Furthermore, visualizing the metric versus price, on a logarithmic chart, we can see that price has historically stayed beneath AAAT and has acted as resistance. But, when price does cross (similar to a golden cross) above AAAT, that means good things for price growth (see first black box).
Unfortunately, price recently fell beneath AAAT back in December 2018 (second black box), which may signal further price weakness ahead for ETH, if nothing changes in the quality metrics.
However, one positive note might be the dynamic between AAAT and TAAR.

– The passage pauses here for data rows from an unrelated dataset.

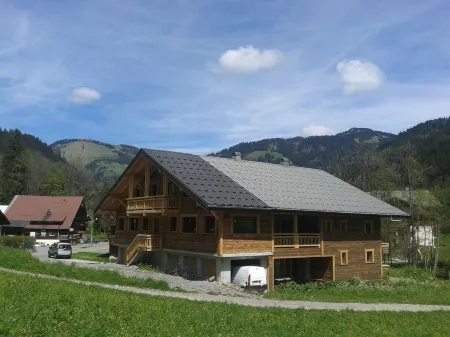 Apartment for 10 people in a renovated farmhouse - Chatel Reservation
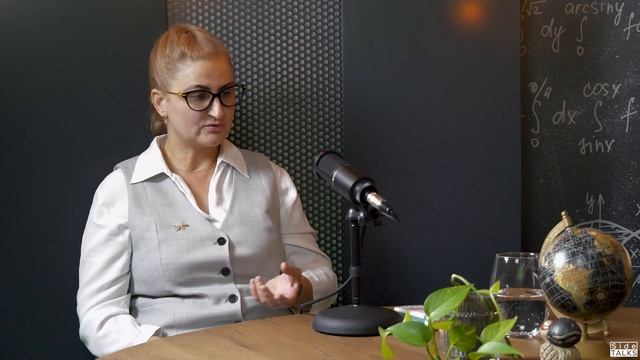 Alegerea Bătăliilor în Spital - Șef Lucrări Dr. Eliza Russu | SideTALKS #30 смотреть онлайн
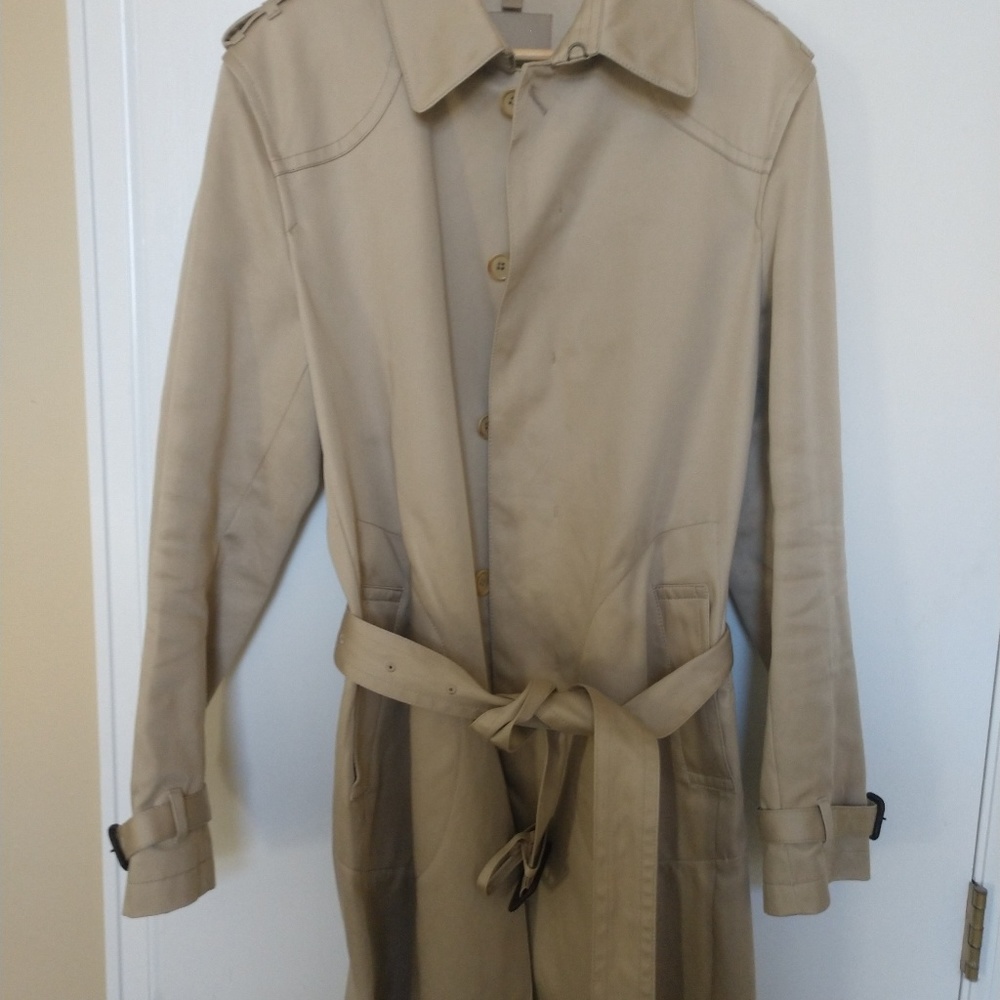 Men's Banana Republic Belted Trench Coat - Picture 6 of 8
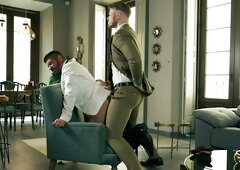 Viking manor demands total submission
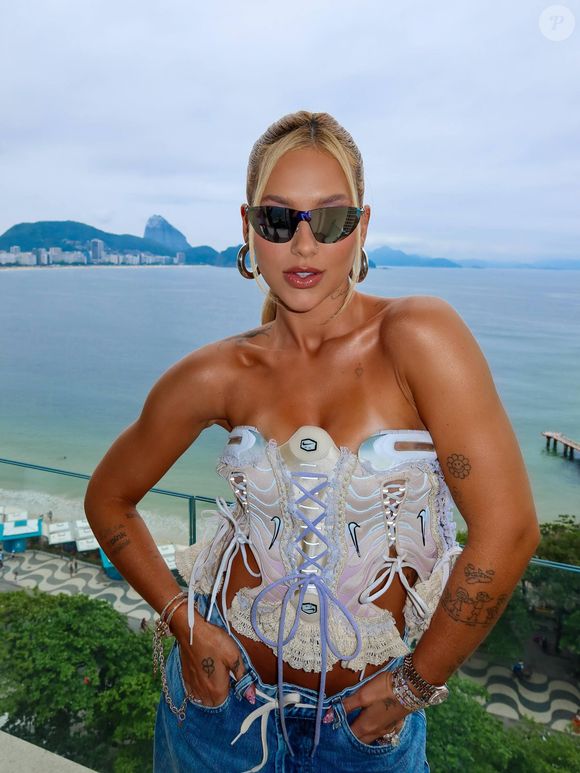 Virgínia Fonseca apostou em um corset feito com chuteiras para o evento de futebol americano
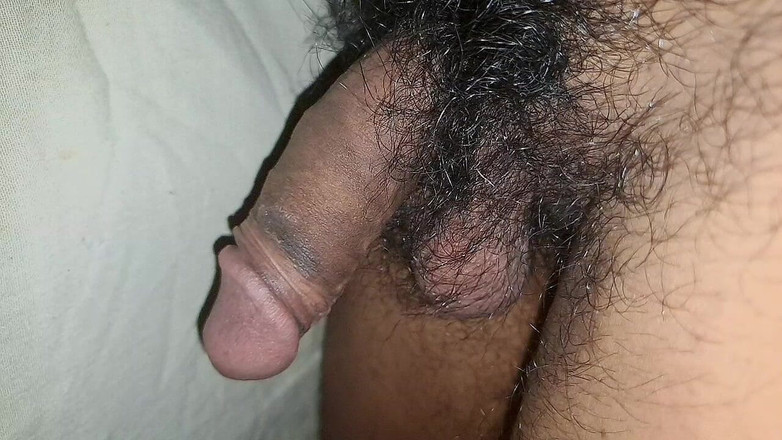 Desi_Porn_India: 큰 자지를 보여주는 어린 인도 소년- 2.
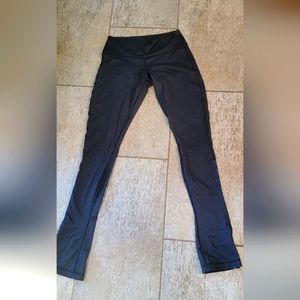 Size 6 lululemon denim-like leggings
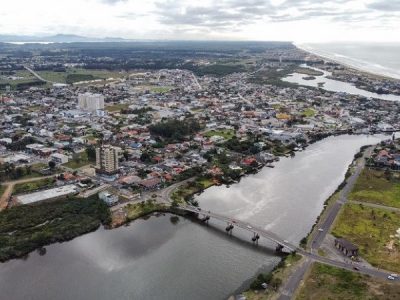 Passo de Torres celebra a chegada do ano novo com shows à beira-mar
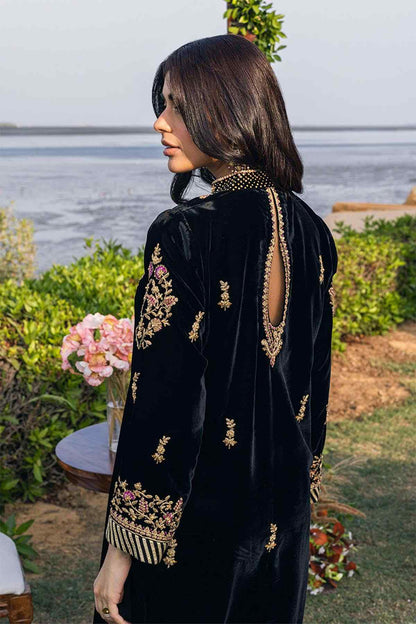 Nimra Kashif - AK Galleria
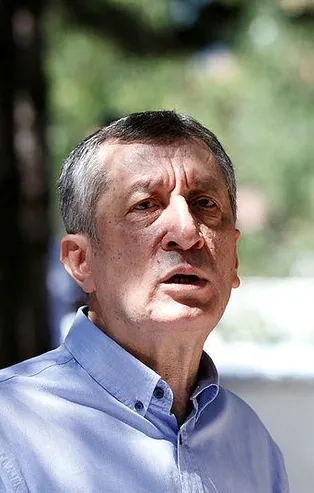Son dakika: Milli Eğitim Bakanı Ziya Selçuk'tan okulların açılmasına yönelik flaş açıklama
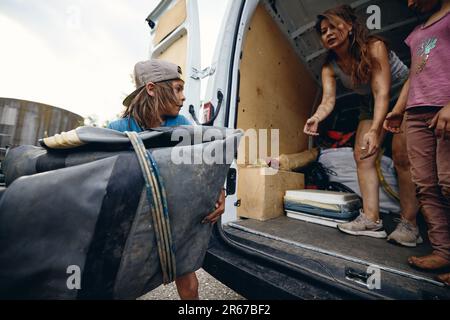 Regensburg, Germania. 07th giugno, 2023. Hanni Buschheuer e i suoi figli stanno imballando un furgone con forniture di aiuto per l'Ucraina. Suo marito organizza l'aiuto con la sua organizzazione di soccorso 'occhio di passo'. Tra le altre cose, il trasporto porta giubbotti di salvataggio, stivali di gomma, coperte, tute di sopravvivenza e sacchi a pelo nel paese dilaniato dalla guerra. Credit: Tobias C. Köhler/dpa/Alamy Live News Foto Stock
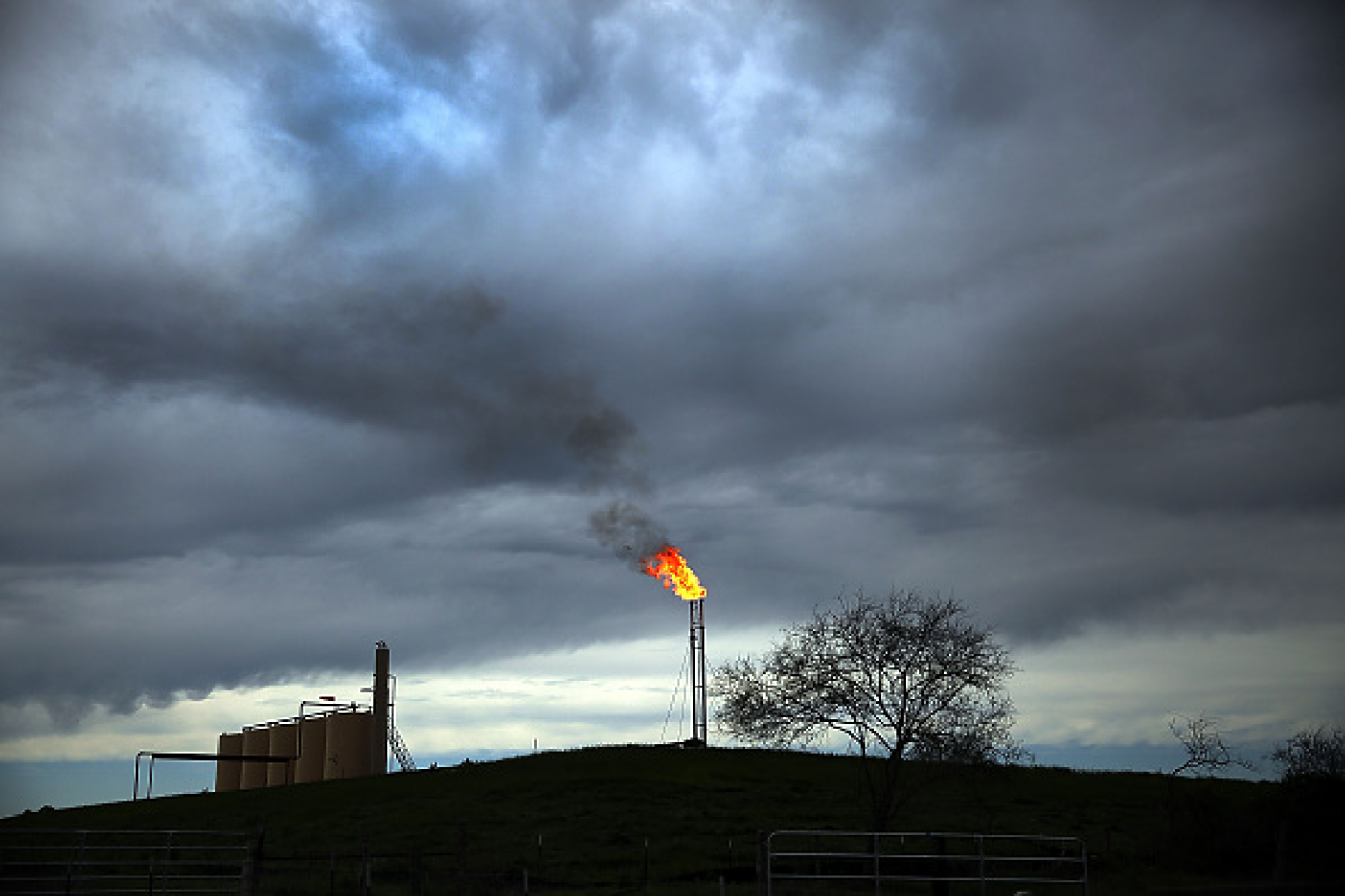 КЕВР одобри цената на природния газ за май, тя остава сред най-ниските в Европа
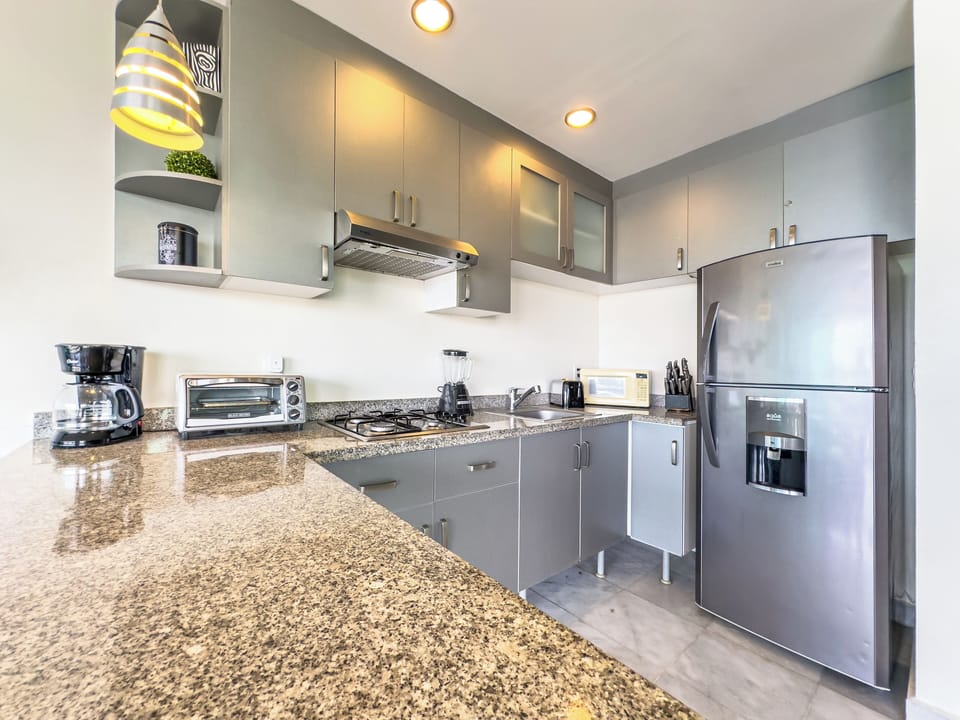 Full-size fridge, microwave, oven, stovetop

As seen via the logarithmic charts below, TAAR and AAAT have the ability to act as a counterbalance within the fundamental price movements. For example, in late-December 2015, a declining TAAR and increasing AAAT met (on daily and 30 day averages), and bounced off one another (first black box), which saw AAAT move lower (red arrow) and TAAR move higher.
That “collision” sparked a dramatic increase in price of ETH in Q1 2016 (green arrow) and ultimately laid the foundation for the remarkable two year bull market (2016-17) ether experienced. At time of writing, TAAR is decreasing and AAAT increasing, with the divergence between the two becoming increasingly smaller (second black box).
If history repeats itself, which is tepid given the sample size limitations, another “collision” could be forming, which could mean a price bottom, and probable reignition of a bull cycle for ETH. If history repeats itself even more closely, this dynamic will unfold in late Q4 of 2019, which should set the stage for a similar surge in ETH prices in Q1 2020, as seen prior in Q1 2016.
It seems that the fundamental indicators which one may assume positively drive price movements, in theory, are actually negatively correlated to in ETH price. There are three possible explanations:
- The principal assumptions of what drives price and network growth for digital asset ecosystems are incorrect.
- The limited amount of data we have to measure these dynamics are not sufficient to draw accurate hypotheses or conclusions.
- Something beyond the fundamentals is driving the price of ETH, which might be sentiment or liquidity (distressed sales of ICO proceeds).
Personally, I hypothesize that it is a mix of all three. However, once a bottom is found, and assuming nothing extremely negative has occurred to damage the overall viability narrative, price is likely to recover more rapidly than other digital assets in the Top 5. Principally, due to the potency of sentiment swinging back positive from overly depressed price levels without systemic technological issues, coupled with pent up buying demand, i.e. rubberband effect.
Disclaimer: this article is for educational purposes only and should not be considered investment or trading advice.